##### DATA SECTION

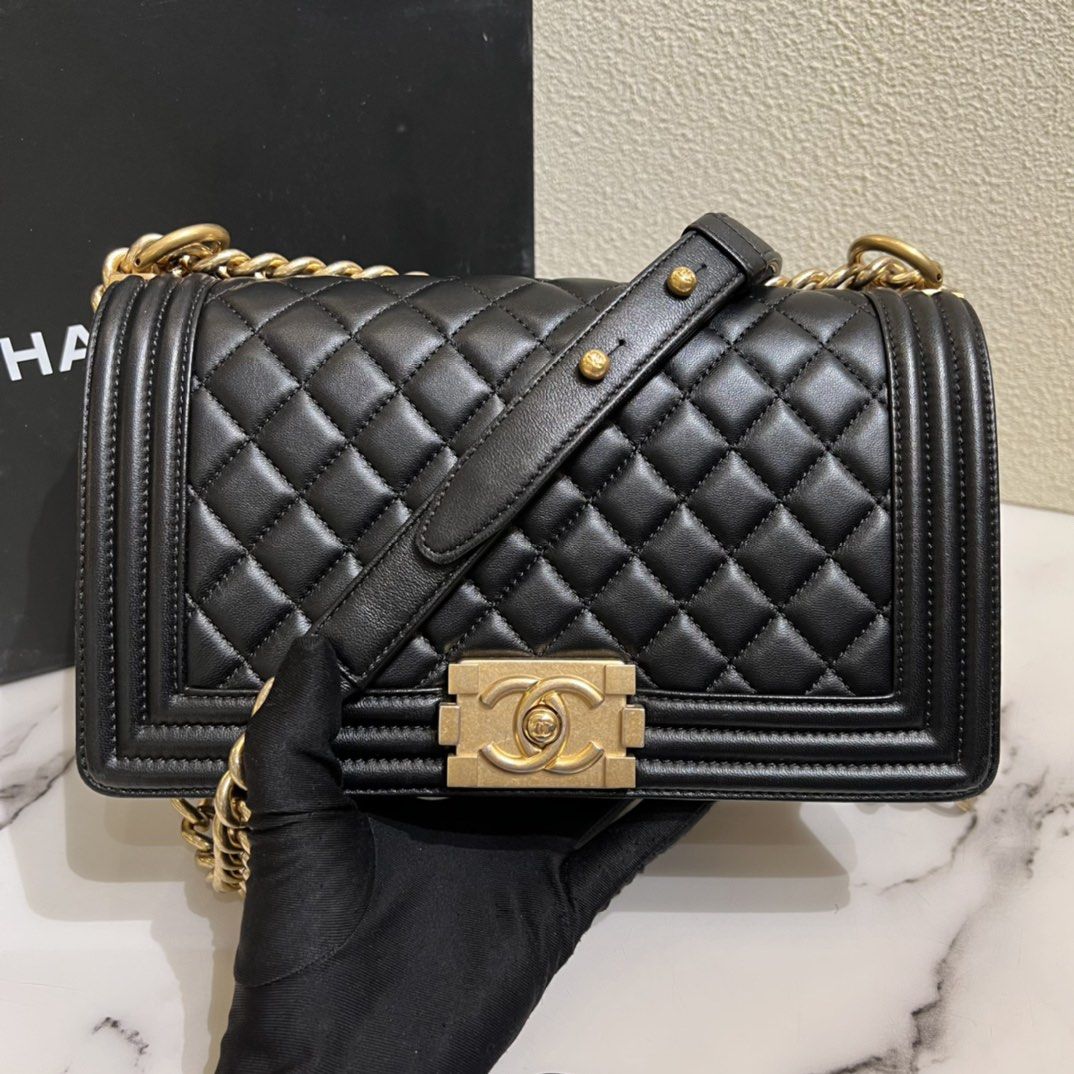 Chanel leboy sale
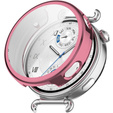 2w1 Etui z Osłoną na ekran do Huawei Watch GT 6 41mm, Różowe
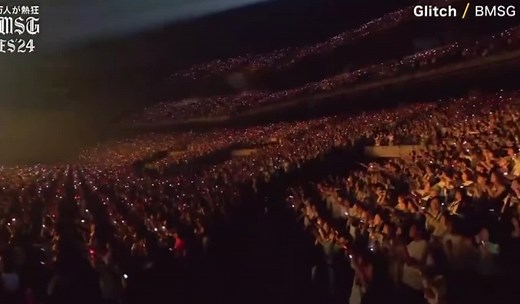 RYOUKIが暴れて登って行って、それに着いていくRANが可愛すぎる(笑) #bmsg #bmsgfes24 #befirst #mazzel #novelcore #taiki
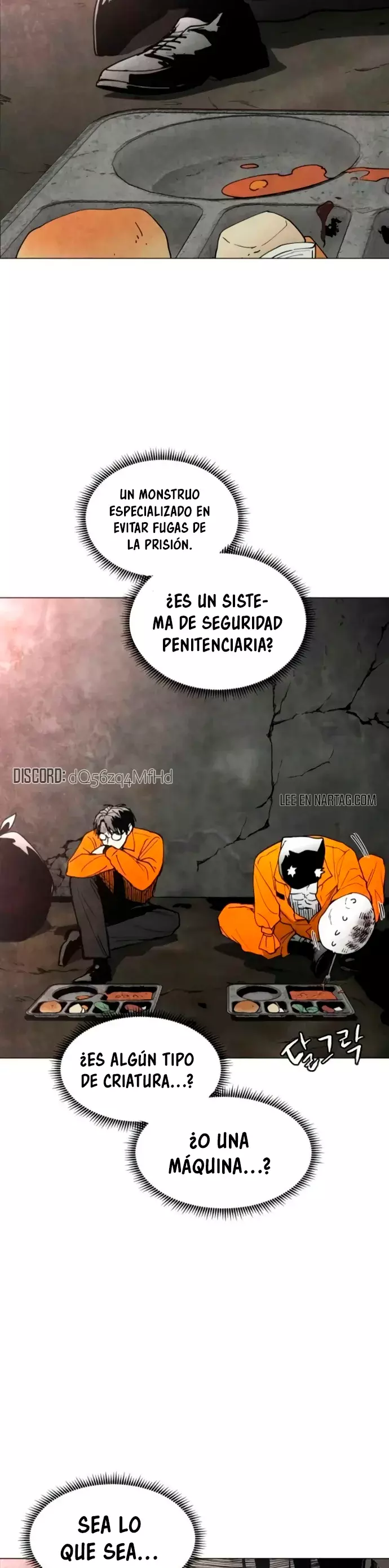 PRISION DEL INFIERNO Capítulo 15 - Página 16 en español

##########

The answer should hold every line of the listing, copied exactly, with no pictures.

 Chanel leboy sale
 2w1 Etui z Osłoną na ekran do Huawei Watch GT 6 41mm, Różowe
 RYOUKIが暴れて登って行って、それに着いていくRANが可愛すぎる(笑) #bmsg #bmsgfes24 #befirst #mazzel #novelcore #taiki
 PRISION DEL INFIERNO Capítulo 15 - Página 16 en español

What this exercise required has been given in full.